My Tx is very large compared to my Rx. I have tested their inductance with a LCR meter.
The Tx has inductance 16.7micro H and the the Rx has 1.4micro H. I’m choosing a resonant frequency of 400kHz. That’s because the capacitors for the WPT I have available are .01micro F for the Tx and .1micro F for the Rx.
All I have are the capacitors and the coils with wire soldered on. My university has a wave form generator and a NVA machine where some one will help me test WPT.
I was going to place the .01micro F in series with my Tx. The .1micro F in parallel with the Rx. Maybe a bread board for the Tx and directly solder the parallel cap to my Rx. I’m not sure about resistors at all…
My question is, I’ve never done anything like this. Is this the best way about building this simple circuit. I’m so worried my school is going to allow me in for one day and I’m going to come unprepared and not get any WPT or made a mistake somewhere. Any suggestion to actually building the resonant circuit. Also I know my Rx is very small and very then(I think 18micro meters), however in Maxwell software in ANYSYS, I have power transfer of like 80% at 70mm+(Also the simulation came up with slightly different inductance values but it was close). If I can get anything like that in the lab I will be so happy. Please any help of suggestions for building this circuit.
You say that this is a simple circuit, but it is not. Both coils affect each other (mutual inductance) and the resonant frequency heavily depends on the source and load impedances.

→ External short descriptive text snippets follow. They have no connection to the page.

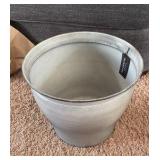 Natural IronStone Garden/Flower Pot 14-Inches Wide 3.6 Gallon Gray Color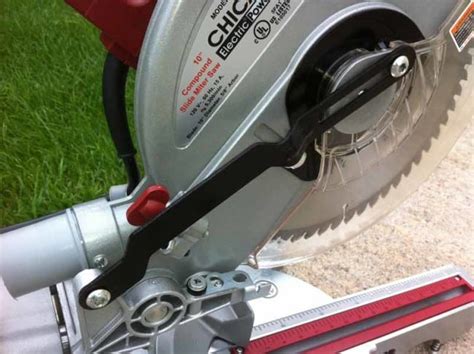 Chicago Electric 10 Inch Sliding Compound Miter Saw Review Tools Working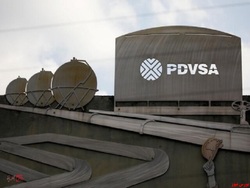 تولید بزرگترین پالایشگاه نفت ونزوئلا متوقف شد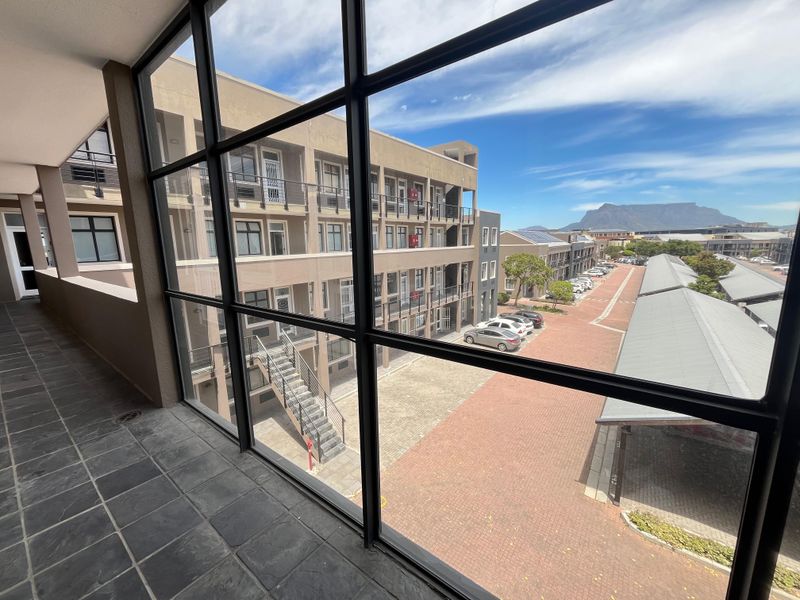 Modern 55 squares Office with Balcony in Century City, Millennium Business Park. - Photo 10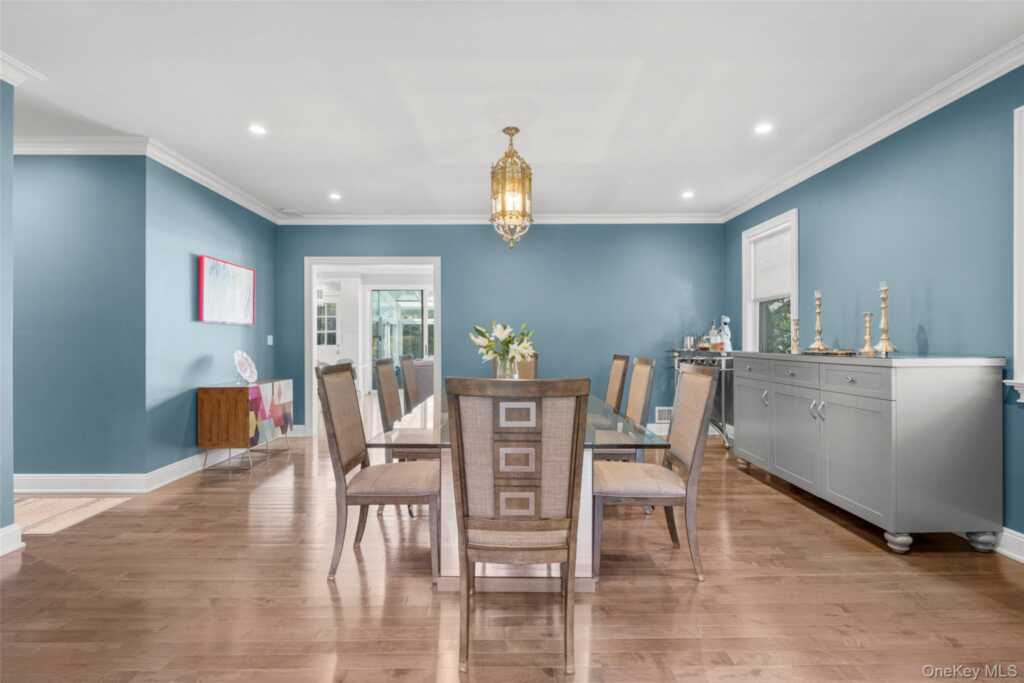 17 Clover Place, New Rochelle, NY 10805 - Photo 12 of 50
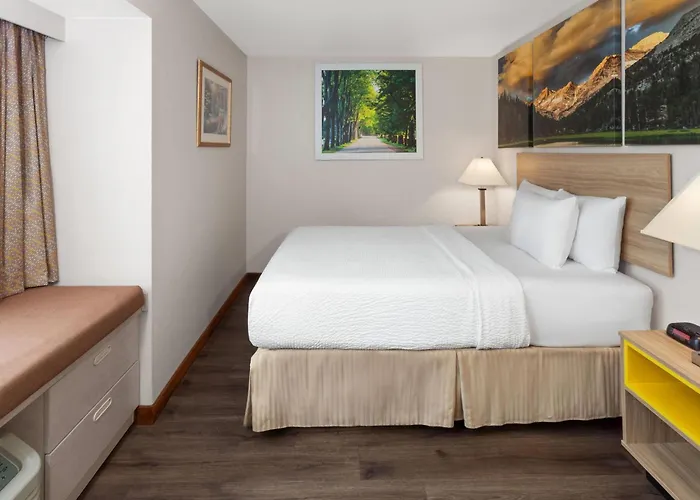 Days Inn & Suites By Wyndham Spokane Airport Airway Heights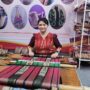 Pengrajin seni budaya saat menampilkan teknik Tenun Ulap Doyo sebagai warisan budaya di Kalimantan Timur (dok: pemprovkaltim)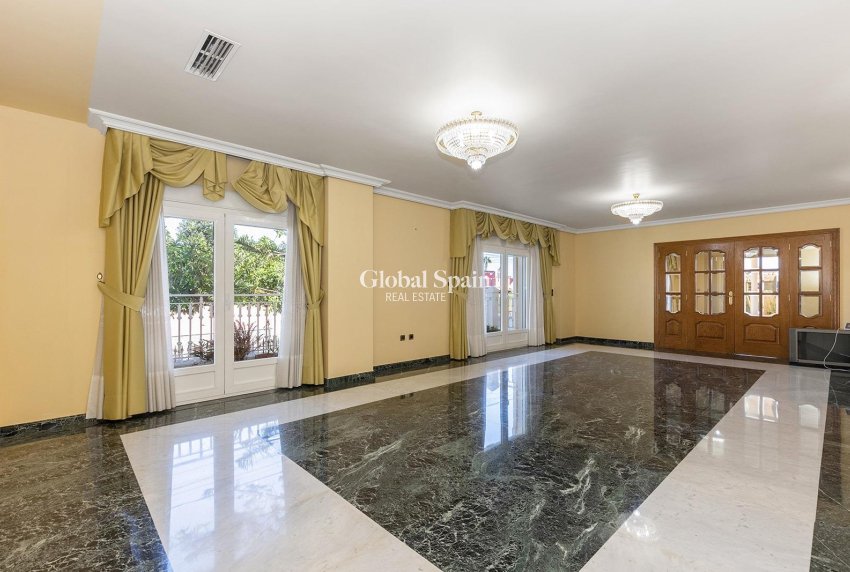 Resale - Villa -
TORREVIEJA - Torreta florida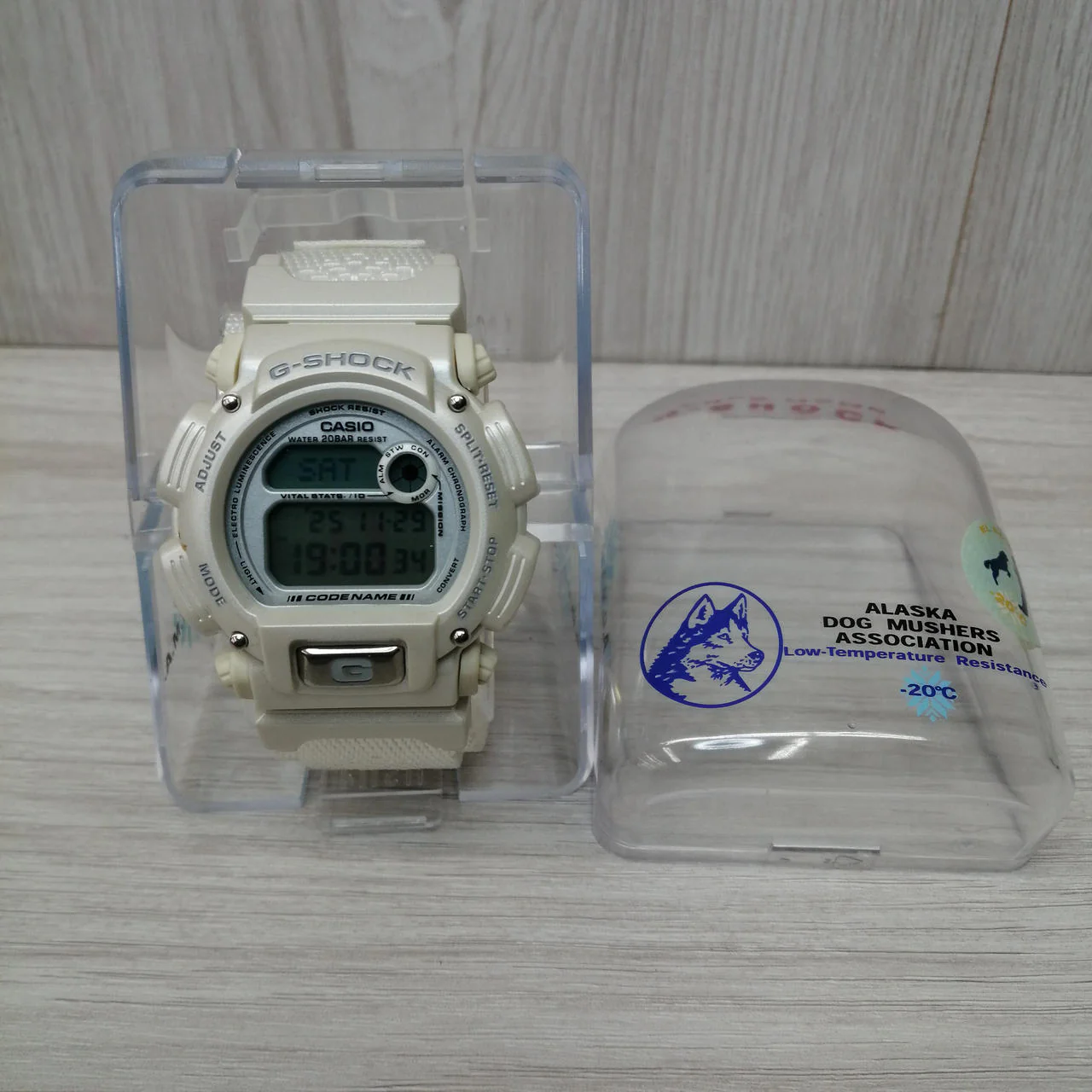 CASIO G-SHOCK DW-8800AJ-7AT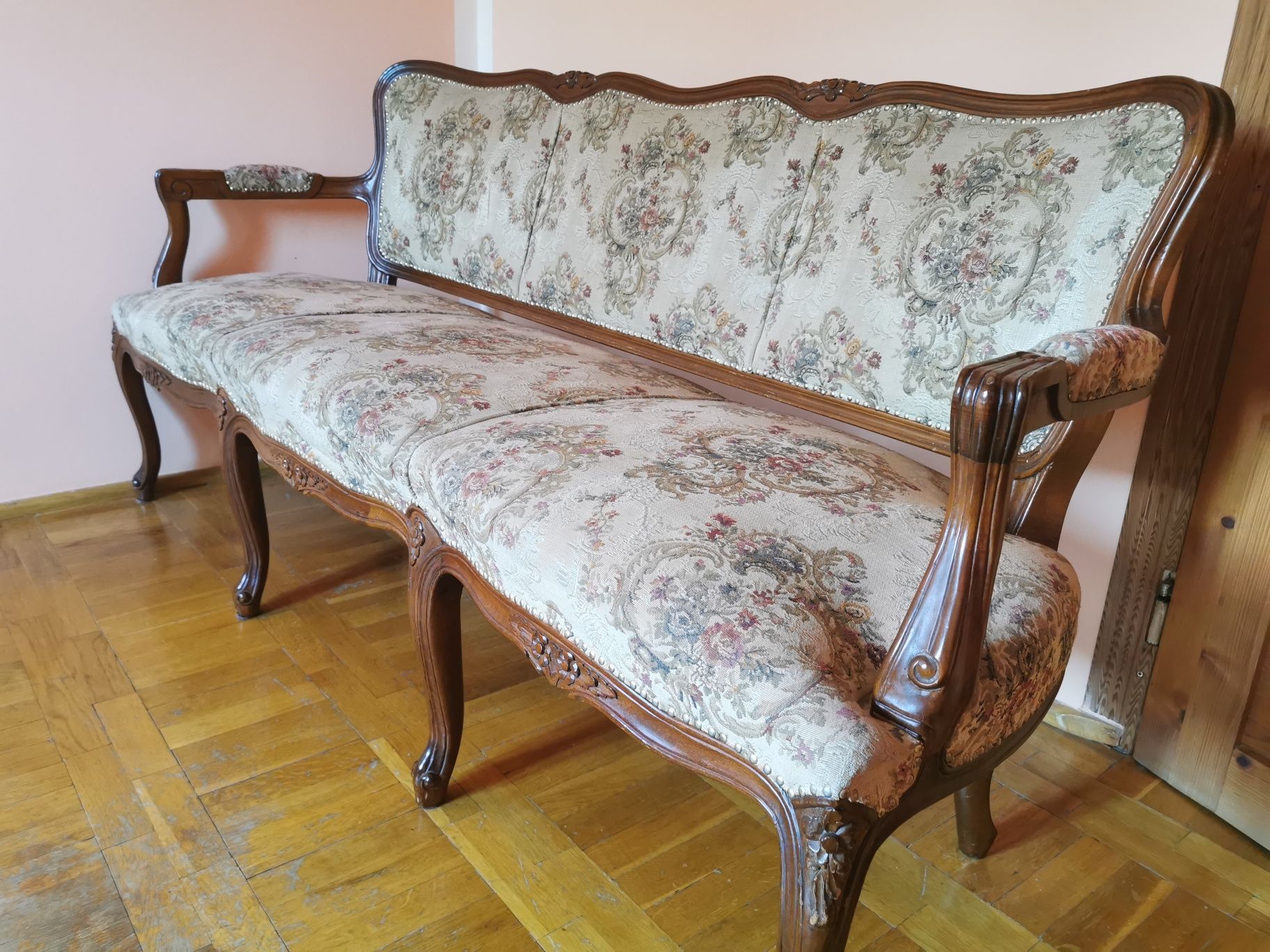 Zestaw mebli w stylu Ludwika XV - sofa i dwa krzesła - elegancki kompl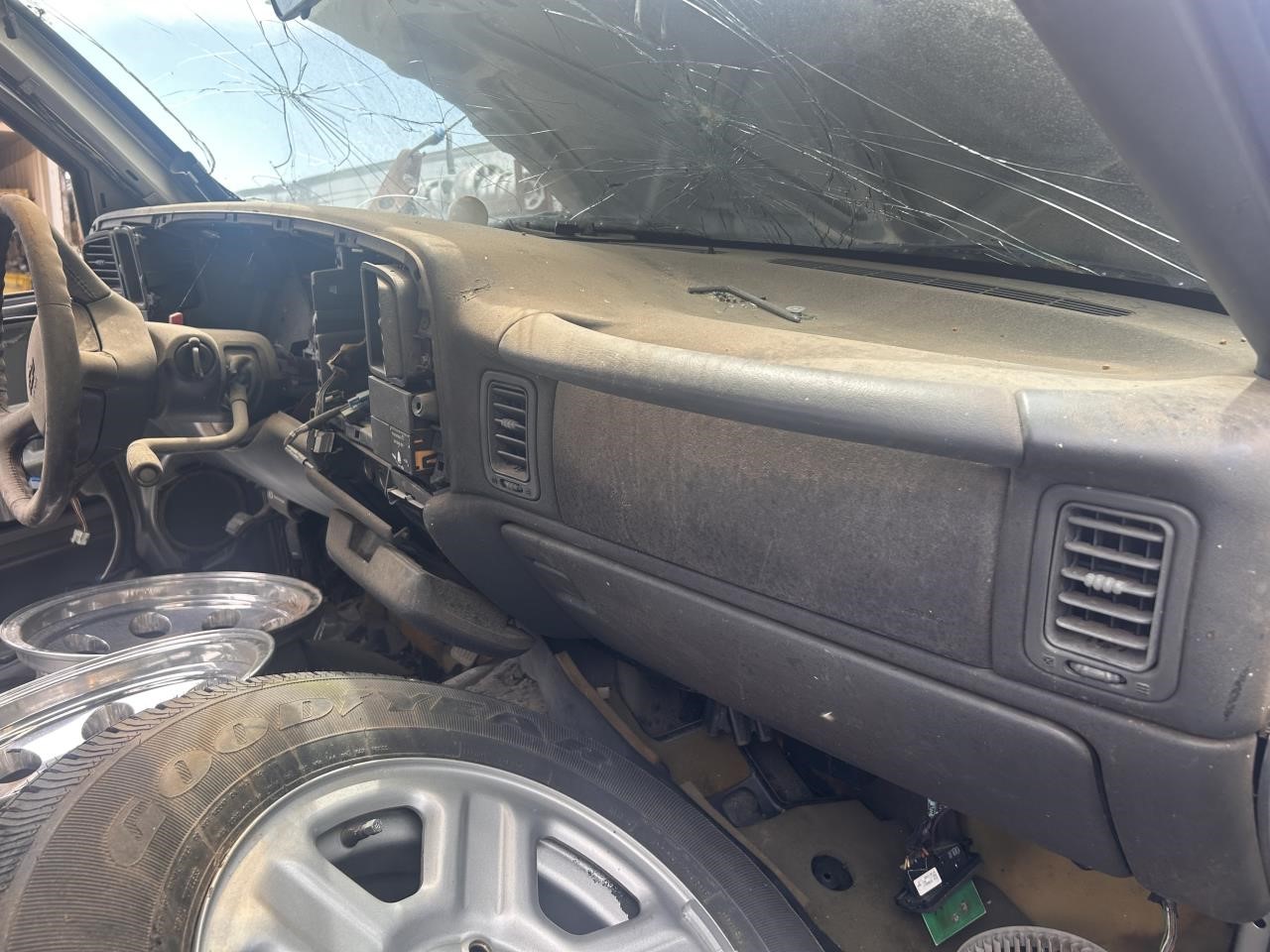 https://f005.backblazeb2.com/file/img-partshotlines-com/Inventory/OK19/Vehicle/26297_06.jpg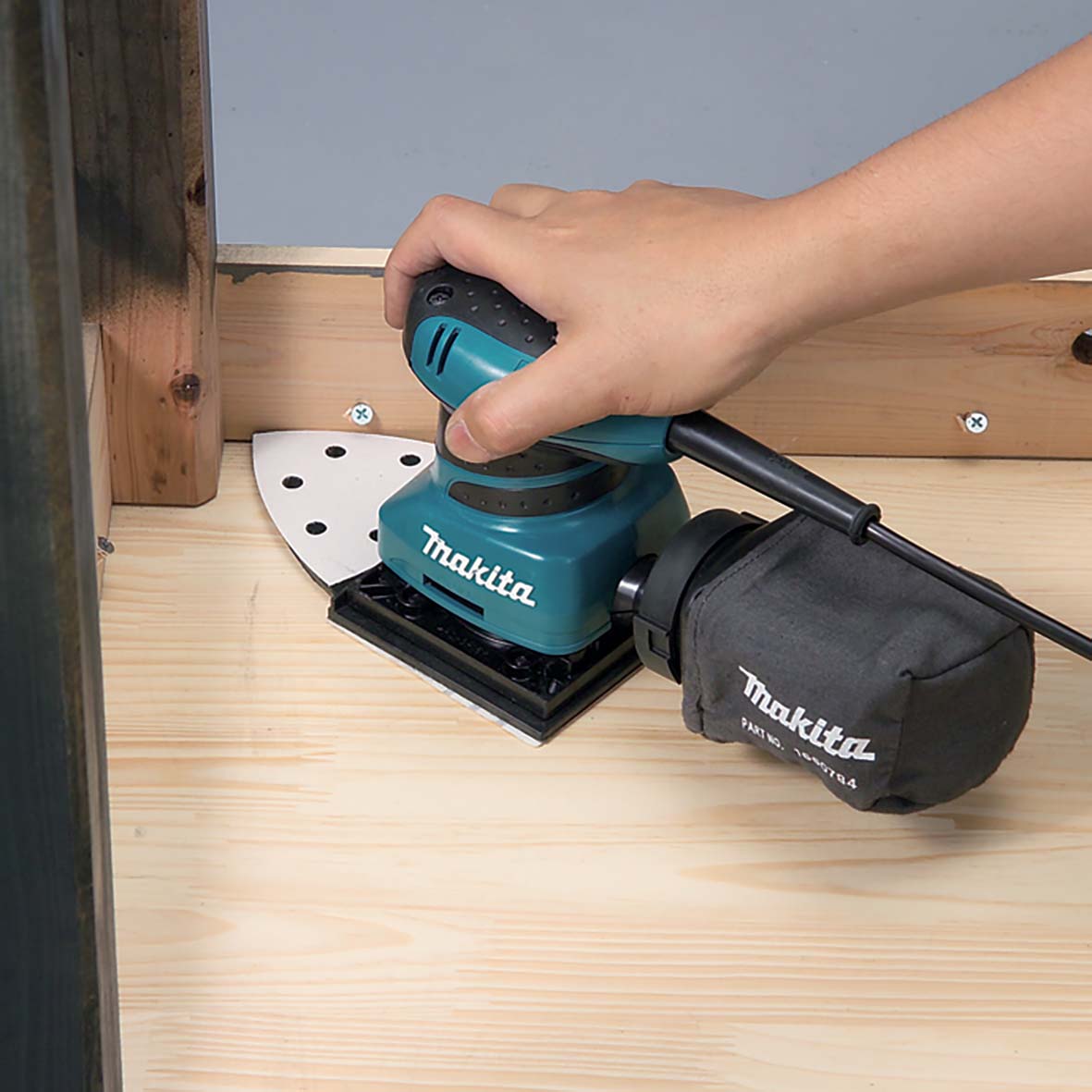 Makita Sander Triangular Extended 1/4 Sheet Finishing BO4565K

But there exists a lot of know-how in the RFID domain which you can learn from, because RFID seeks the same design goals.
Ok, if your RX coil is much smaller than your TX coil, then you can probably ignore the RX coil first and tune the TX coil for max. magnetic field intensity which is max. coil current.
Assume your TX circuit is a resistive driver (e.g. 50 Ohms) and your TX coil circuit is a parallel resonant LC tank. Then you need to tune the tank not for resonance, but for 50 ohms impedance near resonance, which is the point of max. power transfer from source to TX coil for a given frequency.
In practice, you do not calculate this but you measure and search for max. coil current when slowly varying the capacitor value.